If they are in fact dimmable , then there are a variety of led dimmers out there now . Actually I have some led recessed in my house that seem to work well with my existing maestro dimmers.


----------



## wendon (Sep 27, 2010)

alselec53 said:


> Installing some kitchen undercounter lights, They may be xenon or LED. I know CFL bulbs need special dimmable bulbs and dimmers. But do xenon and/or LED UC lights need a special dimmer? or special bulbs? I've also seen xenon with a Hi/Lo switch. It seems like I've heard these don't dim all the way down like an incondescent bulb also.
> I think you can get a regular dimmer if it says xenon dimmable? not sure about LED. Any ideas would help.
> Thanks.


 If you're using the Xenon high voltage strips, as far as I know, you can use a regular dimmer on them. If they're low voltage you'll probably have to use an electronic dimmer. It sounds like you have the high voltage ones if they have the high-low switch on them.


----------



## ecelectric (Mar 27, 2009)

They dim down pretty low just like regular bulbs , almost down to nothing with no flickering


----------



## alselec53 (Jan 4, 2012)

*Dimmable xenon*

Xenons are dimmable, and LEDS are not, or rarely, from what I found.
Xenons have no filiment, like halogen & incondescent, LED is a diode of course.
Fluorescent is a mercury vapor gas with a coating on the glass, and a cathode at each end.


----------



## HARRY304E (Sep 15, 2010)

Lutron makes combination dimmer for LED's and CFL's

Xenon lamps I don't know





http://www.lutron.com/Pages/Default.aspx


----------



## HARRY304E (Sep 15, 2010)

alselec53 said:


> Xenons are dimmable, and LEDS are not, or rarely, from what I found.
> Xenons have no filiment, like halogen & incondescent, LED is a diode of course.
> Fluorescent is a mercury vapor gas with a coating on the glass, and a cathode at each end.

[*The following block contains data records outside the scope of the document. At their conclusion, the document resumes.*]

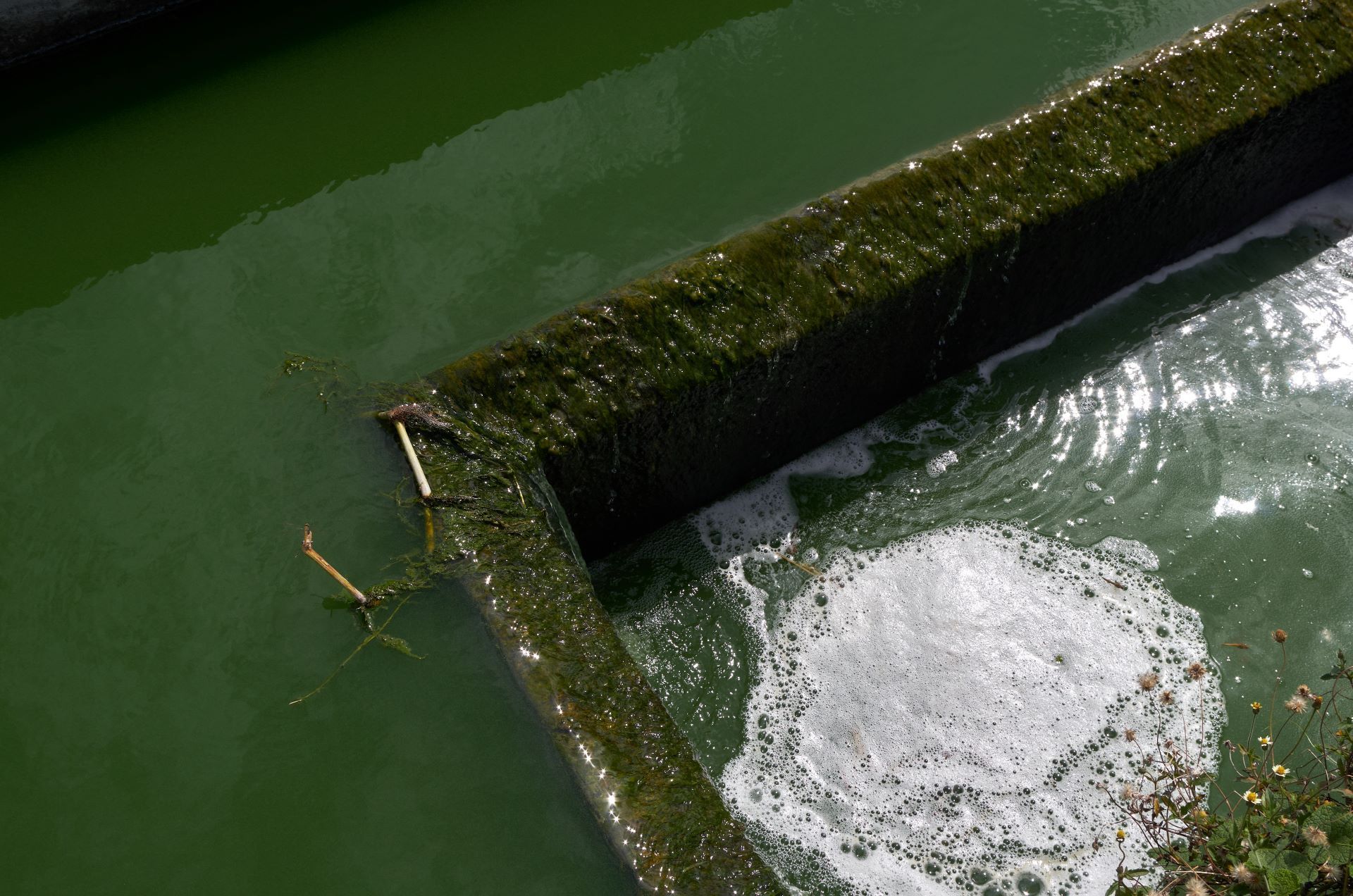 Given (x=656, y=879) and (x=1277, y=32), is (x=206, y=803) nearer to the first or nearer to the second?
(x=656, y=879)

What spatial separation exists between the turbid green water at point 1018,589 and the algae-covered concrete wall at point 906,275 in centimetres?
18

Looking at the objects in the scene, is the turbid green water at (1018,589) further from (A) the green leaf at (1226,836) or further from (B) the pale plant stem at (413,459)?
(A) the green leaf at (1226,836)

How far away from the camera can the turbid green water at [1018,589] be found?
2.87 m

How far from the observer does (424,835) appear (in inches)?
92.5

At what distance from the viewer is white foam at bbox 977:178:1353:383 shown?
3.82 m

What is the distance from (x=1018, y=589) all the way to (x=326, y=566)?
2015 mm

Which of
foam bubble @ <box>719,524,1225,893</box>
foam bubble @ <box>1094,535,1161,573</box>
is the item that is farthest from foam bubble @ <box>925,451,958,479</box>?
foam bubble @ <box>1094,535,1161,573</box>

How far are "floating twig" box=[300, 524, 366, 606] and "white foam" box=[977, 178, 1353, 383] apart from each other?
88.8 inches

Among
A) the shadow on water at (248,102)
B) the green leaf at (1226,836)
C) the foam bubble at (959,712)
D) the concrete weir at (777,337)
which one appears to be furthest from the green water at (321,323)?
the green leaf at (1226,836)

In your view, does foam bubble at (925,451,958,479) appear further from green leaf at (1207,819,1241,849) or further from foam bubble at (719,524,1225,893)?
green leaf at (1207,819,1241,849)

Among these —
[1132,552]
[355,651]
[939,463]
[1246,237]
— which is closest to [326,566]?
[355,651]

Led's can be dimmed just fine with the right dimmer.


----------



## Chris1971 (Dec 27, 2010)

HARRY304E said:


> Lutron makes combination dimmer for LED's and CFL's
> 
> Xenon lamps I don't know
> 
> ...


Xenon should be a standard line voltage dimmer. Assuming the luminaire is line voltage?


----------



## ecelectric (Mar 27, 2009)

I've done it with plane old led bulbs, recessed led ,and seagull led fixtures with no problems yet. And like I said you can dim them pretty low , almost off . But yes not all are dimmable but alot are.


----------



## ecelectric (Mar 27, 2009)

I've dimmed fluorescent also with dimmable ballasts . It's expensive but can be done


----------